Assume that you’re going on permanent disability. You and your employer reach an agreement, with payments structured as though they were from workers compensation (nontaxable to the recipient). Suddenly, your employer backs out and threatens litigation—litigation that would likely take years to resolve. But your employer offers you a “nonindustrial disability retirement,” with payments that are based on age and length of service. Your employer and an IRS representative tell you that the payments aren’t taxable, so you decide to take the settlement.
Just one problem: You get a notice from the IRS saying that the nonindustrial disability retirement money is taxable.
That’s what brought Steven Diem to Tax Court today. He was employed as a fireman for San Francisco. He’s retired, and on his Form 1040 he deducted the payments of $16,617 (for the year in question) as “nontaxable pension in lieu of workers comp.”
Unfortunately for Mr. Diem, the law is settled in this area.

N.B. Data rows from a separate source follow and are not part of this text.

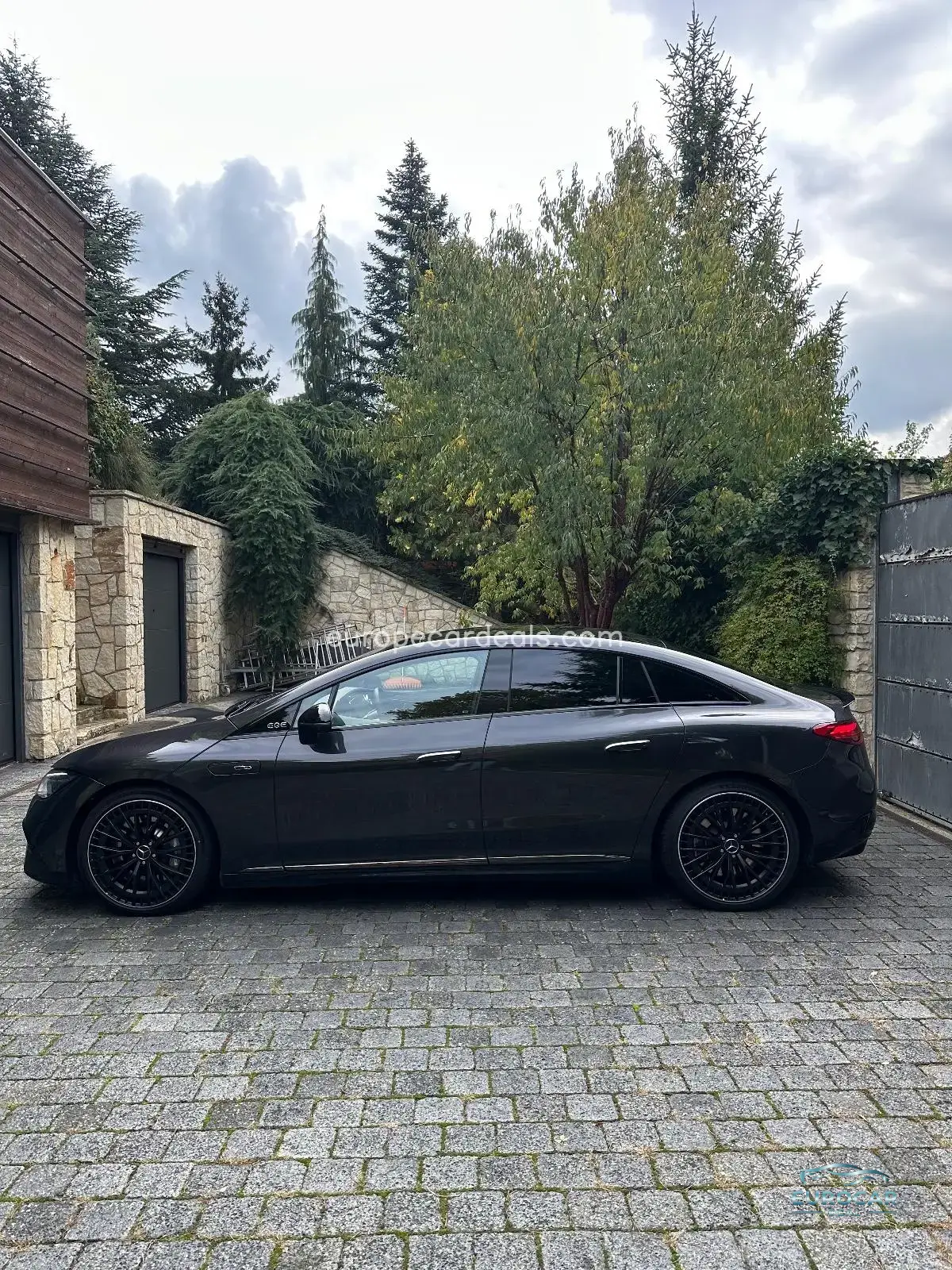 Mercedes-Benz EQE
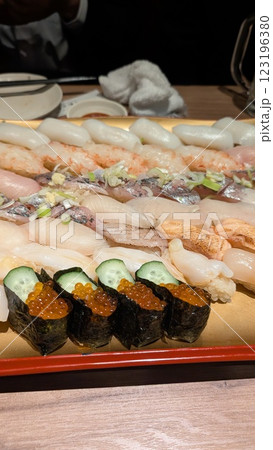 寿司食べ放題の至福 好きなだけ味わう贅沢 寿司食べ放題の至福 好きなだけ味わう贅沢 123196380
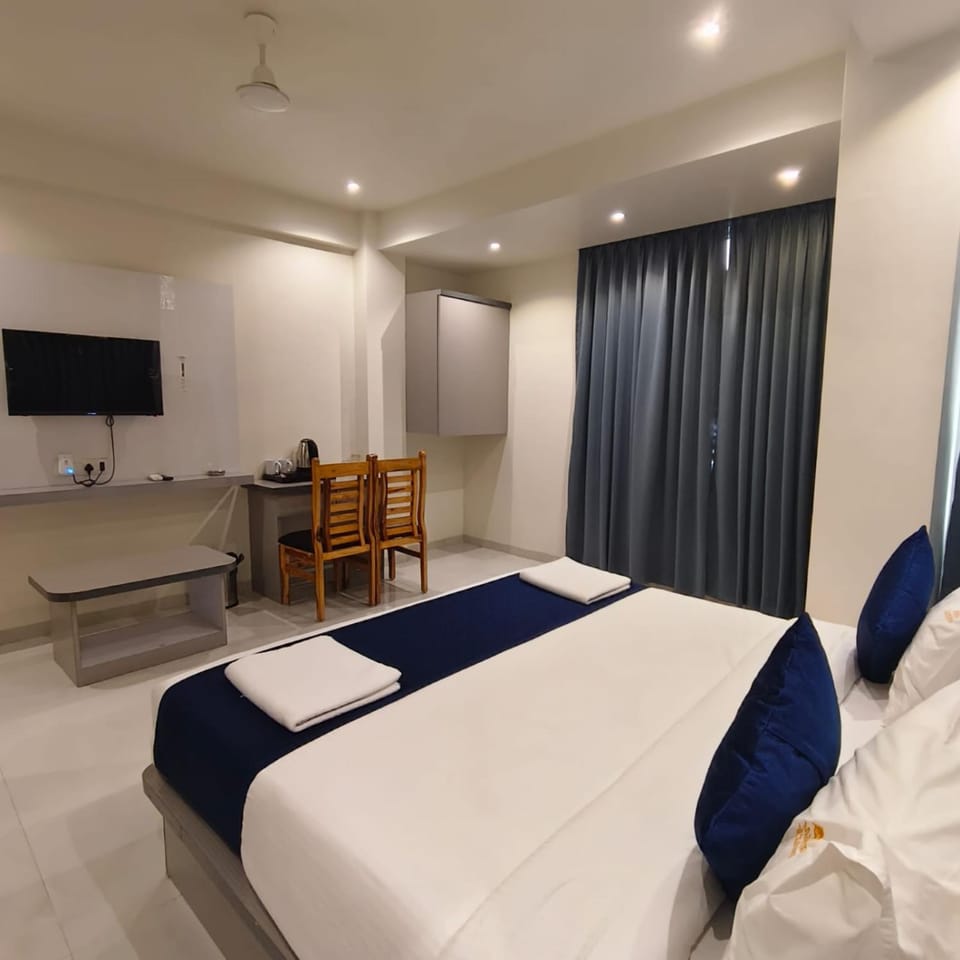 Bed, TV and multimedia, Kitchen or kitchenette, Photo of the whole room, Bedroom, hair dresser, towels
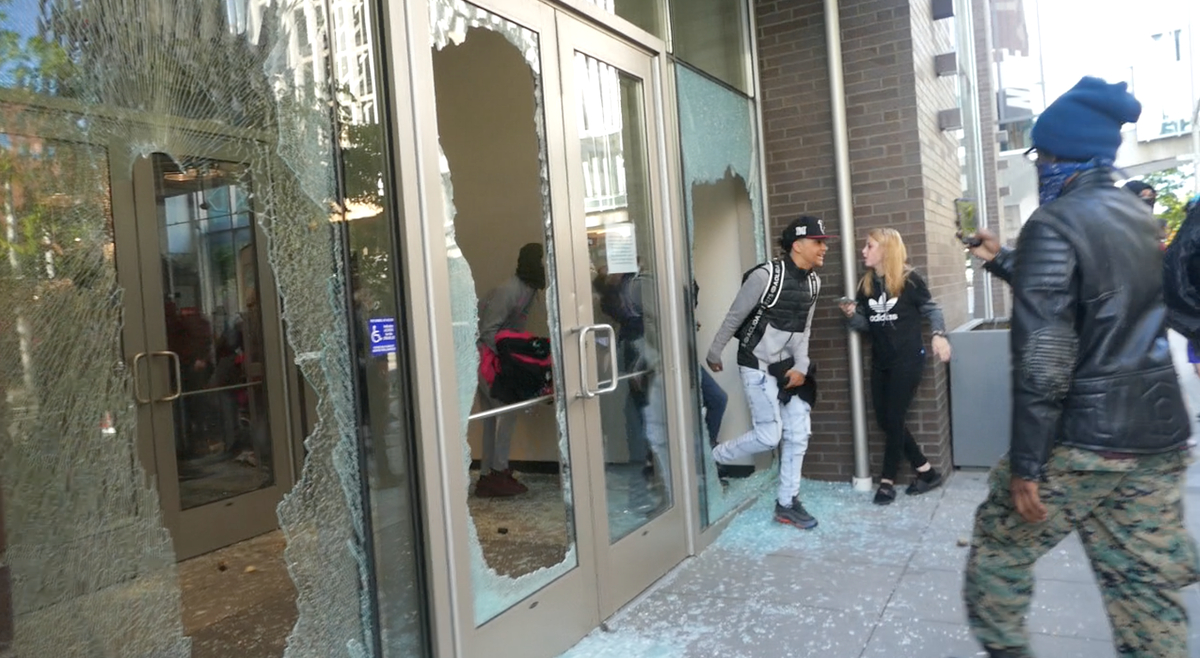 Peaceful Protest Turns Violent In Downtown Spokane May 31 2020 The 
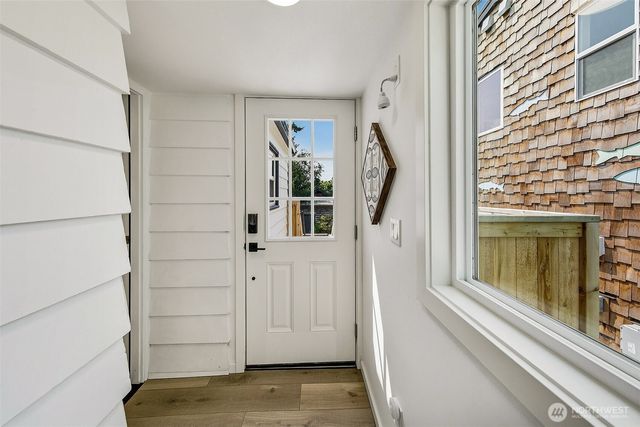 8215 4th Avenue NE, Seattle, WA 98115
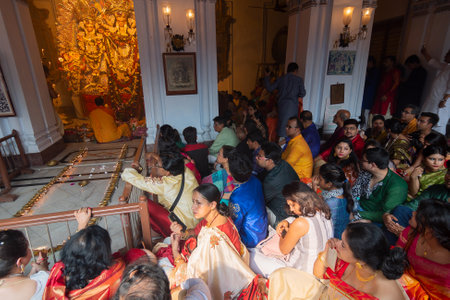 Kolkata, West Bengal, India - 6th October 2019 : 108 lamps are lit , devotees gathered for watching sondhipujo , the sacred ritual at juncture of Ashtami and Nabami, at Shobhabazar Rajbari Durga Puja.のeditorial素材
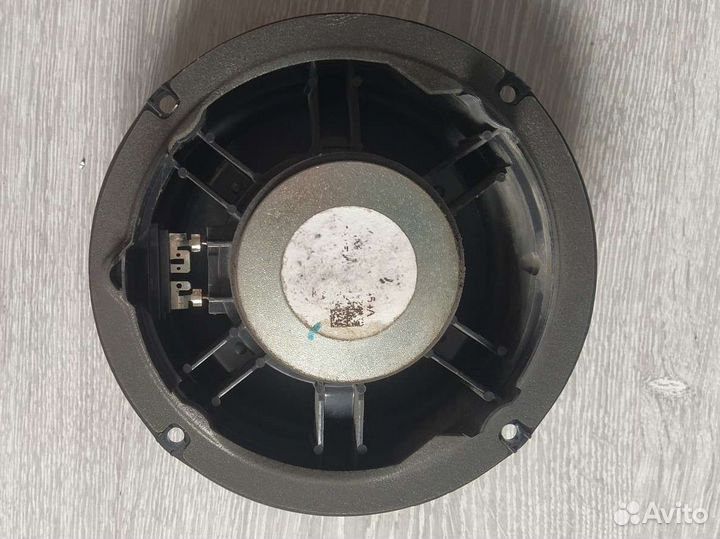 Динамик volkswagen jetta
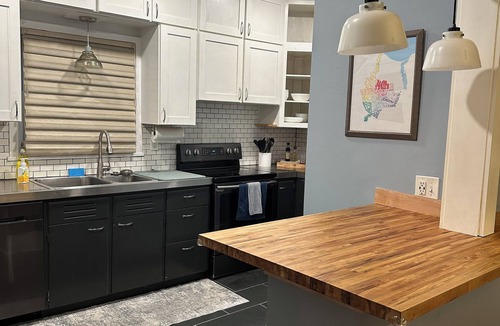 Rochester House | Whole house - Park Ave 3 bedroom, enjoy all the neighborhood has to offer!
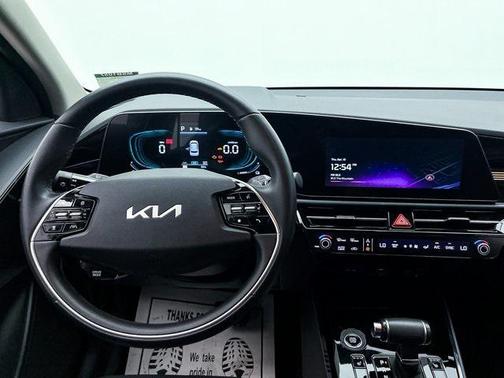 2023 Kia Niro EX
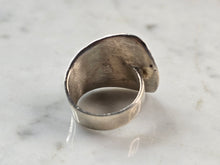 Load image into Gallery viewer, Womens Vintage Sterling Silver Southwestern Turquoise Ring 7.9g E3749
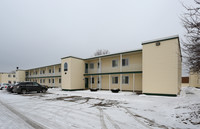 Six Nations Square in Utica, NY - Foto de edificio - Building Photo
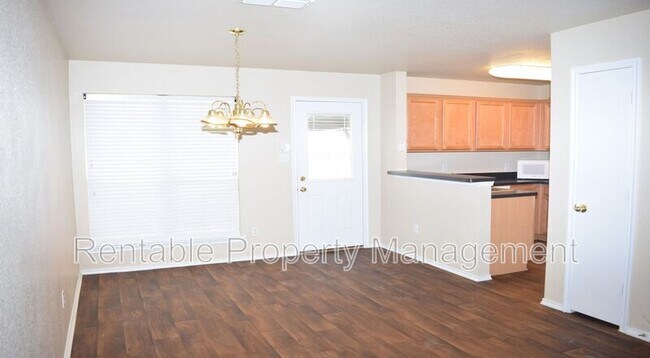 Building Photo - 5761 Giddyup Ln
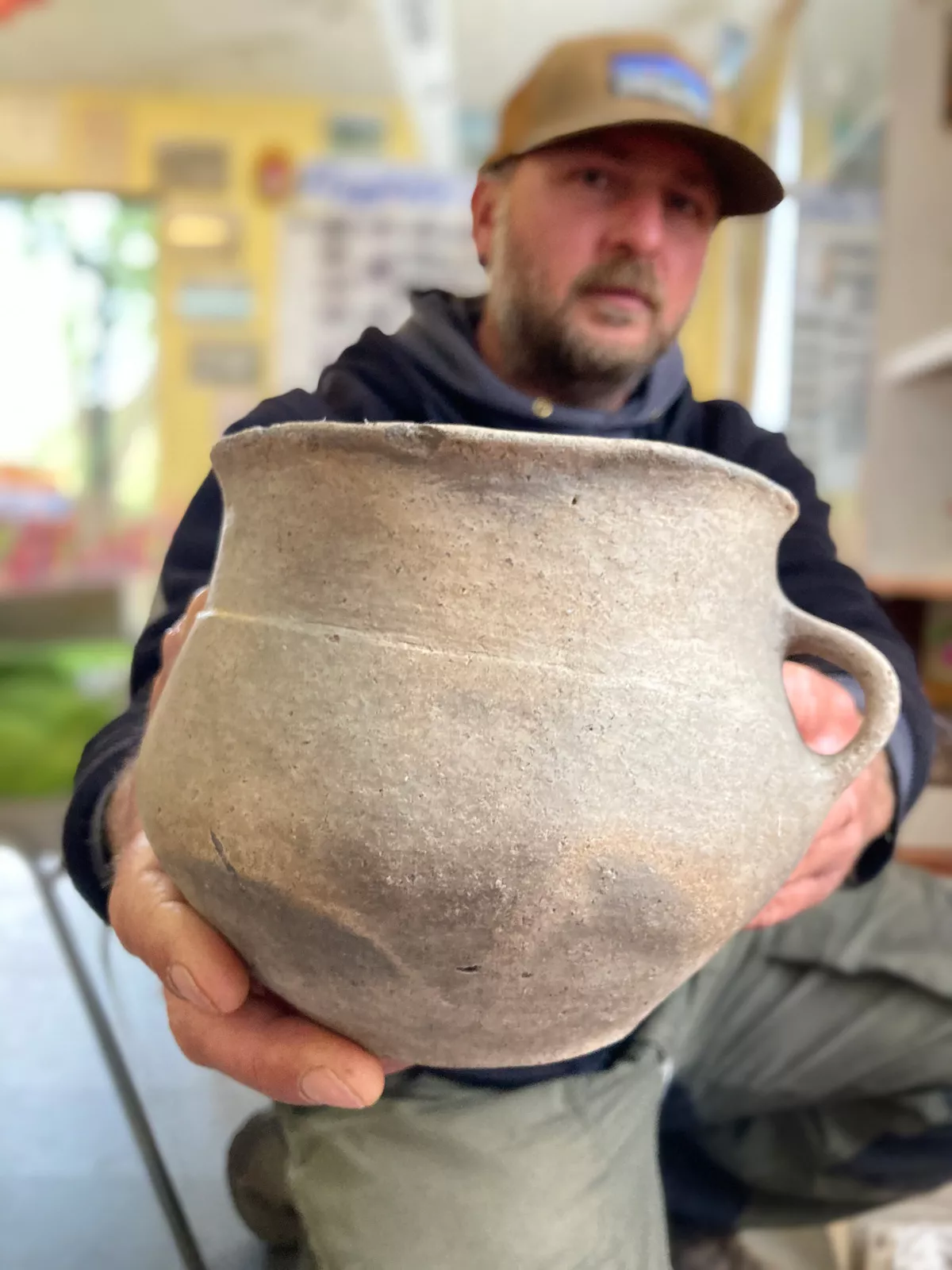 Grabungsleiter Mathias Zirm zeigt ein über 4000 Jahre altes Gefäß.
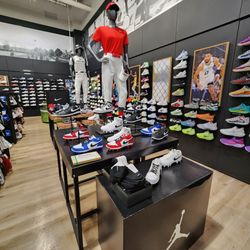 DICK'S Sporting Goods
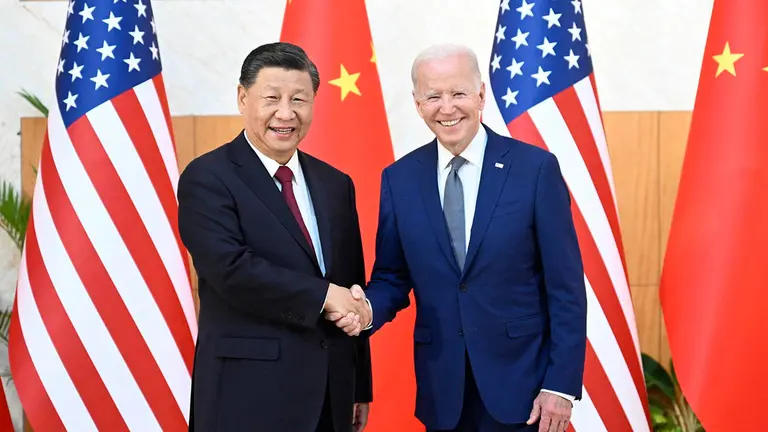 El presidente chino, Xi Jinping (izq), saluda a su hom&oacute;logo estadounidense, Joe Biden./ EFE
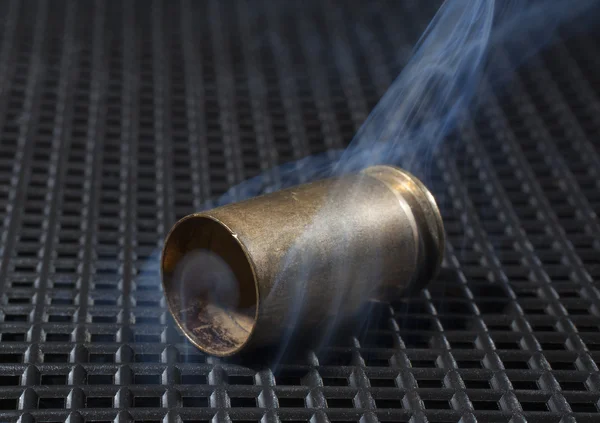 Dohányzás kézifegyvert municiót eset — Stock Fotó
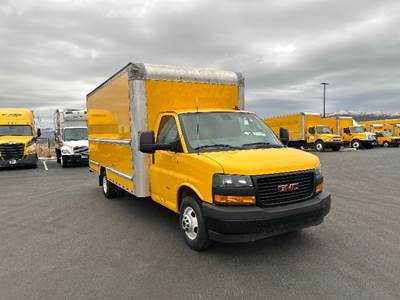GMC G33903 Box Truck - 401HP, 6 Speed Automatic, Roll up Door
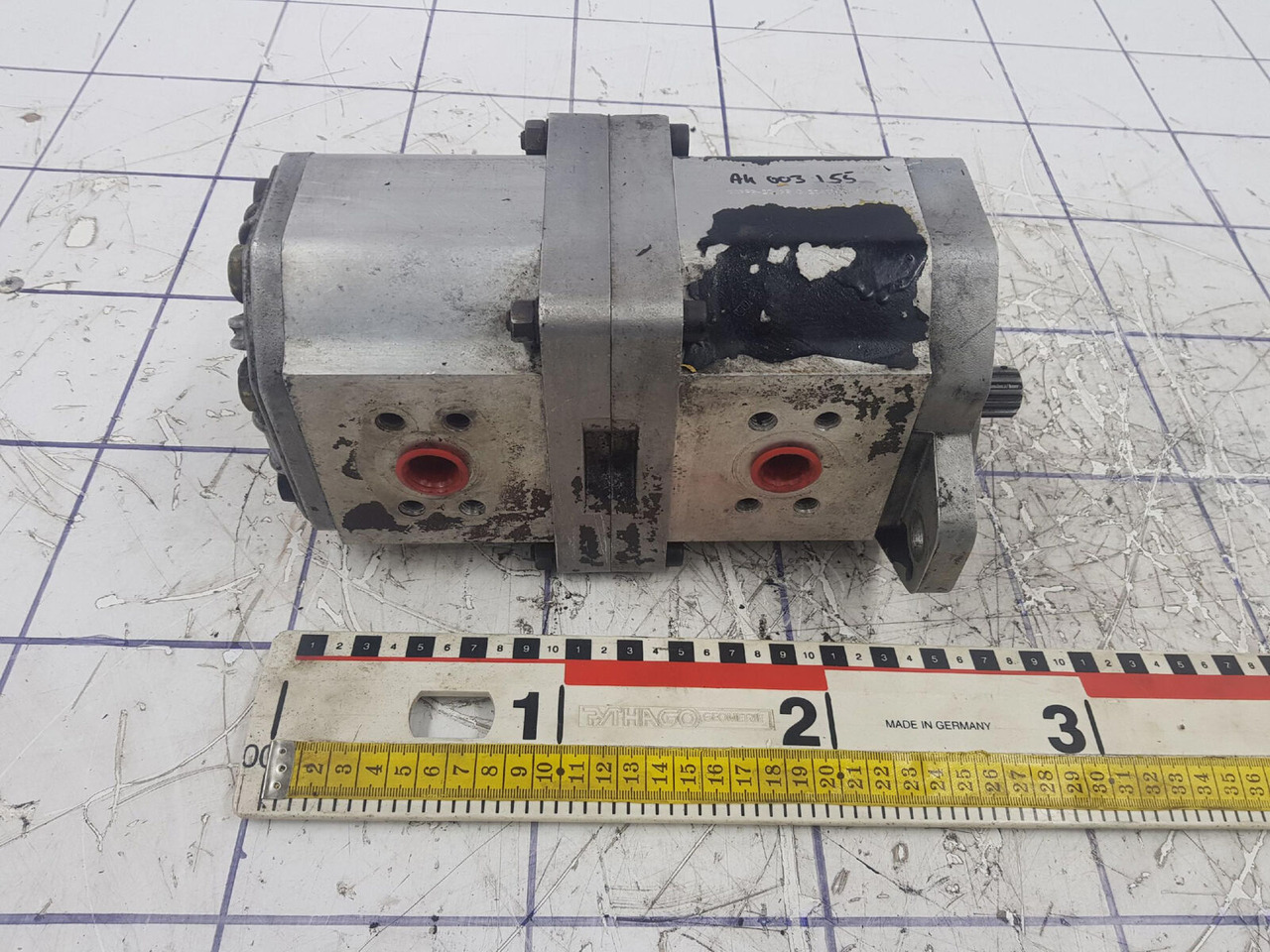 Dual gear pump - Hydraulické čerpadlo pro Autojeřáb: obrázek 1 Dual gear pump - Hydraulické čerpadlo pro Autojeřáb: obrázek 1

As the Court noted, Section 1.104-1(b), Income Tax Regs., states, in part:
“Section 104(a)(1) excludes from gross income amounts which are received by an employee under a workmen’s compensation act * * * or under a statute in the nature of a workmen’s compensation act which provides compensation to employees for personal injuries or sickness incurred in the course of employment. * * * However, section 104(a)(1) does not apply to a retirement pension or annuity to the extent that it is determined by reference to the employee’s age or length of service, or the employee’s prior contributions, even though the employee’s retirement is occasioned by an occupational injury or sickness. * * * [Emphasis added.]”
So the law and many court decisions state that the income is taxable. But the petitioner noted that both the City of San Francisco and the IRS told him it wasn’t taxable. Unfortunately,
“Whatever advice or representation that was made to petitioner has no bearing upon the Court’s decision here. The law is well settled that the Commissioner is not estopped and cannot be bound by erroneous acts or omissions of his agents or representations by other parties such as the employer. Authoritative tax law is contained in statutes, regulations, and judicial decisions. Zimmerman v. Commissioner, 71 T.C. 367, 371 (1978), affd. without published opinion 614 F.2d 1294 (2d Cir. 1979); Green v. Commissioner, 59 T.C. 456, 458 (1972). A taxpayer cannot prevail simply because he relied on incorrect advice from his attorney regarding the tax consequences of the settlement. Coats v. Commissioner, T.C. Memo. 1977-407, affd. without published opinion 626 F.2d 865 (9th Cir. 1980). The representations that were made by the city of San Francisco and an IRS agent do not carry the weight of law.”
Yes, if you get advice from the IRS and it’s wrong, you’re out of luck, as the petitioner discovered.